En réalité, c’était le Foreign Office qui dirigeait les négociations. Si la moindre divergence de vues se produisait à Bangkok, à Paris l’ambassadeur d’Angleterre intervenait près de notre ministre des Affaires étrangères et se plaignait des exigences du plénipotentiaire. Celui-ci ne pouvait même pas correspondre régulièrement avec son gouvernement, les lignes télégraphiques de Saigon et de Maulmein, soi-disant en réparation, ne laissaient pas passer ses télégrammes ; ils devaient emprunter la voie Malte-Singapore avec transbordement sur caboteurs. A mesure que nous faisions des concessions, les prétentions des Siamois s’accroissaient ; un peu plus, ils nous auraient demandé des excuses.

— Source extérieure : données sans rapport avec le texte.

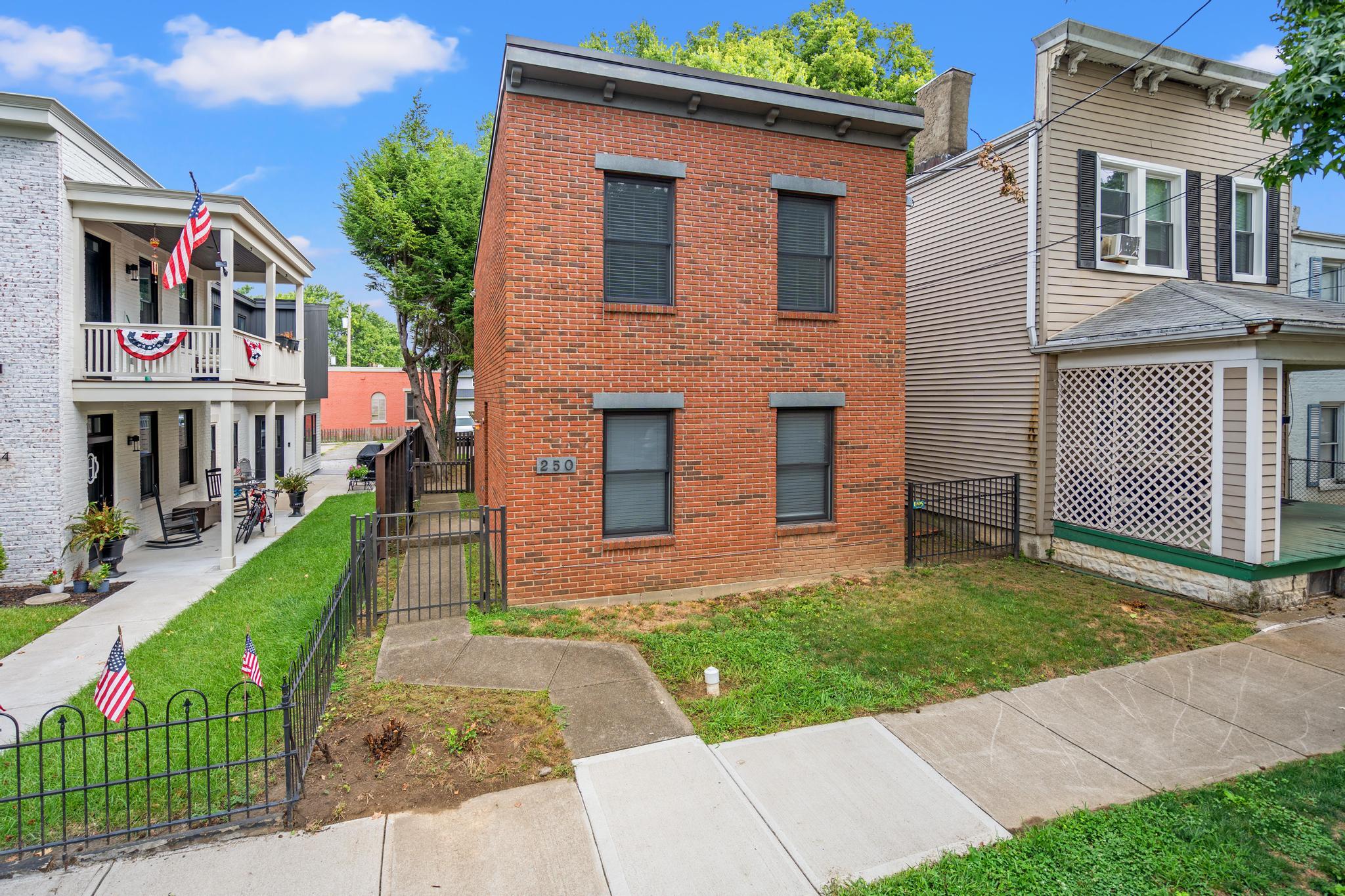 250 W 8th Street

Fatigué de ces lenteurs calculées et de cette mauvaise foi, notre agent se décida, dans l’après-midi du vendredi 29 septembre, à remettre au prince Devawangse le texte définitif, ne varietur, du traité et de la convention annexe, le prévenant que si le dimanche matin, 1er octobre, à neuf heures, l’accord complet n’avait pu se faire, il se verrait dans la nécessité de quitter Bangkok. Le prince demanda une prolongation de délai, invoquant la nécessité de consulter verbalement le roi, retourné à Bang-Païn. C’eût été remettre la décision au Foreign Office, quarante-huit heures suffisant pour l’échange de télégrammes avec Londres. Aussi le plénipotentiaire maintint-il sa déclaration. Malgré les insistances du consul britannique, le capitaine John, et du conseiller belge, M. Rollin-Jacquemin, Sa Majesté comprenant enfin qu’il était impossible d’éluder davantage sans courir une périlleuse aventure, donna à son ministre l’ordre de signer l’instrument de paix, et le dimanche 1er octobre, à neuf heures, les expéditions du traité et de la convention annexe furent échangées entre les deux plénipotentiaires.

Quand le lendemain, le marquis de Dufferin vint adresser de nouvelles représentations au quai d’Orsay, M. Develle put répondre à l’ambassadeur que, la France et le Siam étant complètement d’accord, son intervention n’avait plus d’objet.